Two Root Causes: First Case
When this situation happens, it usually has one of two root causes. I will cover the one most users are trying to eliminate first. Let's consider some test data:
Code:
Voucher Date Vendor State Amt
---------- -------- -------- ------- -------
12345 01/01/02 ABC MD 100.00
12346 01/01/02 DEF VA 250.00
12347 01/01/02 GHI DC 500.00
While most of this data is from a single fact table, the
state is from a child address table of a parent Vend table. Let's look at what that table might look like.
Code:
Vendor Addr1 Addr2 City State Postal
-------- ------- ------- ------- ------ ------
ABC Main St Laurel MD 20723
ABC 2nd Ave Easton MD 22790
DEF 42nd St #5A Fairfax VA 24213
GHI West Rd.
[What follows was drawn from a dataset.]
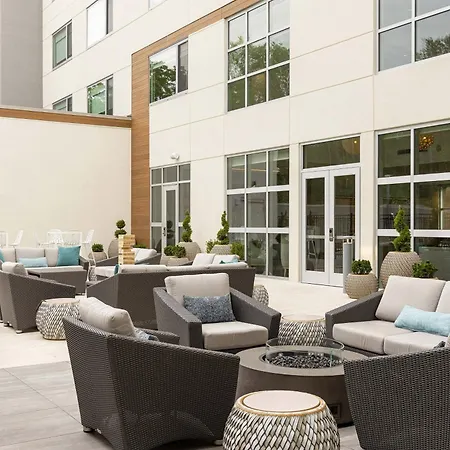Hotel Element By Marriott Airport 3*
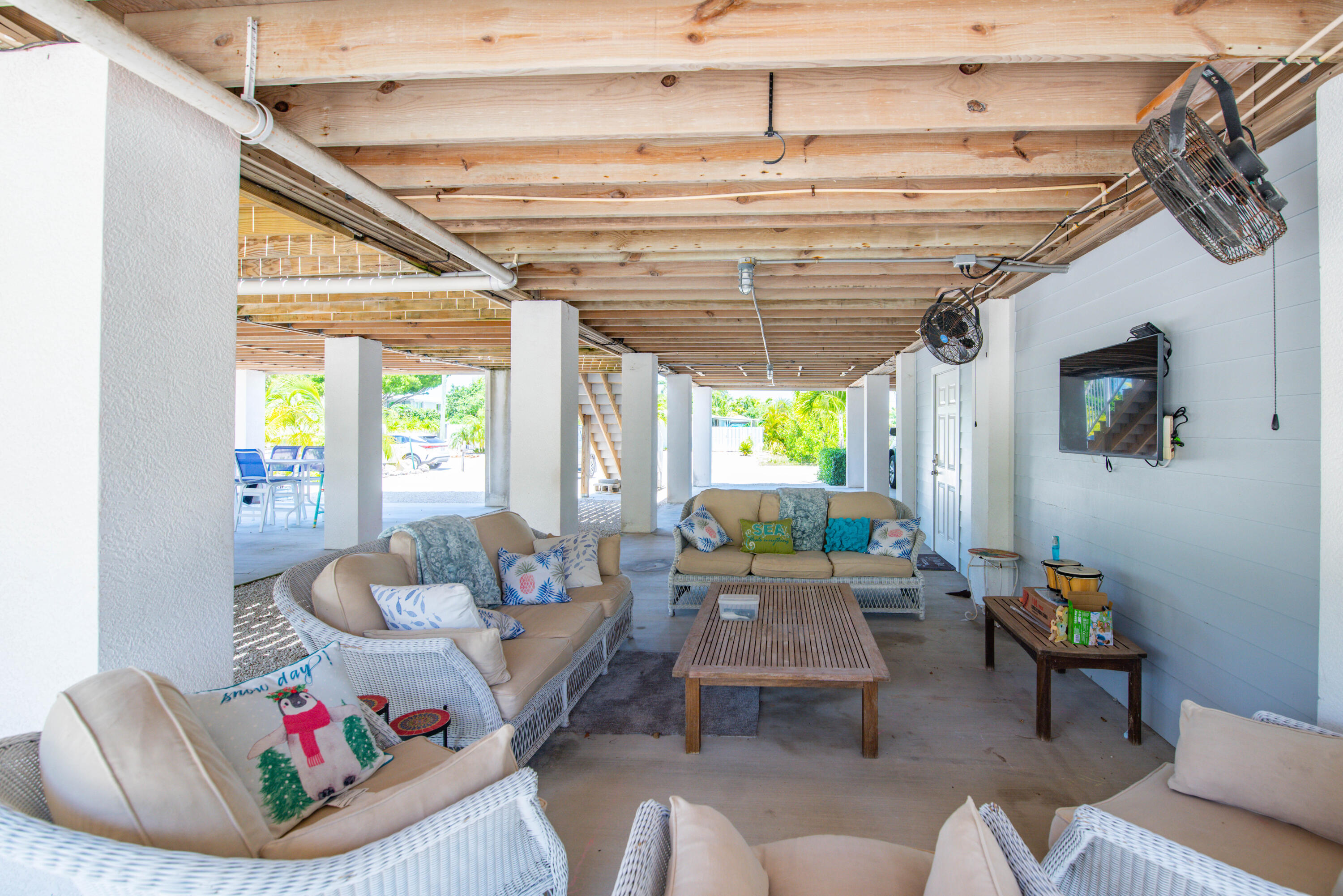 930 80th Street Marathon, FL 33050 - Photo 34 of 49 a living room with furniture and a large window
Wash DC 25643
Note that vendor ABC has
two addresses. When this data is pulled into your report, the data for ABC would appear
twice. This could happen for all rows, if they all share the same many-to-one relationship, or for none, if all only have one
now. That could change tomorrow if a vendor gets another valid address.
In this case using the 'Eliminate Duplicate Rows' checkbox in the filter of the report may be valid as long as the remaining data for the duplicated row is unique. It will give you the correct data in the above case
as long as any additional rows for a vendor are from the same state. A
better solution would be to determine the correct, or default address used, and only include that in your report. This is often recognizable by another row column that designates it. Failing that, you could use a Max function on the state to ensure you only get a single row returned.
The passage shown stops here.